Джу зажмурилась покрепче и, приподнявшись на носочках, прижалась губами к губам, таким же прохладным и соленым, как море, которое она видела только на репродукциях. Оно согрелось от ее дыхания, захлестнуло валом, запенившись у ног, и, Джу готова была поклясться – зашелестело, отступая обратно в свое песчаное лоно.
Он ушел, и колокольчик над дверью не звякал до самого утра.
Пришлось взять выходной, потому что упав в кровать после смены, к следующей Джу встать не смогла.
- Заболела, - констатировала она, продираясь сквозь першение в горле, и шумно высморкалась в бумажный платок. – Ничего особенного, просто нужно денек полежать.
И еще поплакать – от печали, у которой не было цвета. Только деньком все не ограничилось: Джу пила литрами травяной чай, парила ноги в ванночке и перевела все луковицы в доме, пытаясь прогнать сопли, а они все лились вперемешку со слезами. И использованными платками уже через сутки можно было устилать полы в соседних съемных комнатушках.
К собственному огорчению теперь Джу могла, даже не задумываясь, перебирать в памяти голландские имена, словно те были оглаженными морским прибоем голышами: Ван Дист, Мейер, Беерстратен. Они выстраивались в алфавитном порядке, потом менялись местами. Правда, толку в этой игре было меньше, чем в стыде, навеки раскрасившем уши и нос. Джу страдала, но лекарства ей не выписал бы даже самый талантливый врач.
Через пару дней в дверь постучали. А когда Джу выскребла себя из кровати, но не из одеяла, и приоткрыла щелочку, чтобы заглянуть в глазок, мир в очередной раз качнулся, словно море, пребывавшее все это время в штиле, вдруг ожило. По ту сторону маленького стеклышка виднелась знакомая фигура в кашемировом пальто. Фигура, место существования которой Джу определяла как сны, но уж никак не свое жилище.

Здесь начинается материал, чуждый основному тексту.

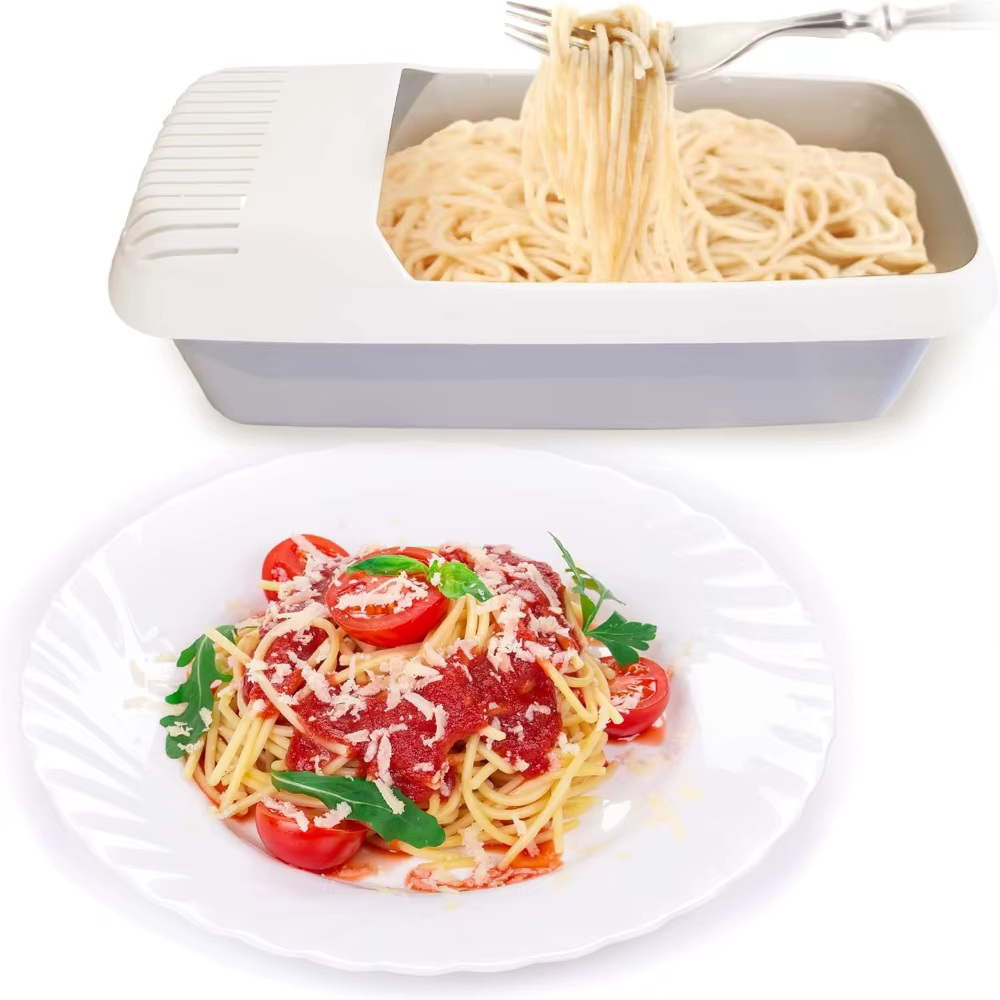 Boîte à pâtes en plastique, 1 pièce, cuiseur à pâtes pour nouilles au micro-ondes avec passoire, cuiseur à vapeur écologique pour Spaghetti et légumes, fournitures de cuisine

- В аптеке сказали, что вы заболели. - Выздоровевший, голос художника оказался мягким, шелковистым, как переливающаяся на солнце водная гладь. – Ваша начальница была настолько любезна, что дала мне адрес. А я не мог не зайти, чтобы не поблагодарить вас. И извиниться, ведь это я вас заразил…
Джу чихнула, и снова перепутала слоги: Ван Мейер, Дистраттен, Беер… И это к лучшему, потому что Джин, как он представился, понятия не имел ни о маринистике, ни о живописи в целом. Он работал в офисе с восьми до шести пять раз в неделю, а пальцы испачкал в чернилах, когда пытался самостоятельно справиться с принтером. В конце концов, он оказался замечательным человеком, и Джу ни разу не пожалела о том, что подхватила насморк.
А море… К морю они съездили всего через пару недель. Чтобы отпраздновать начало чего-то большего, чем просто счастливое выздоровление.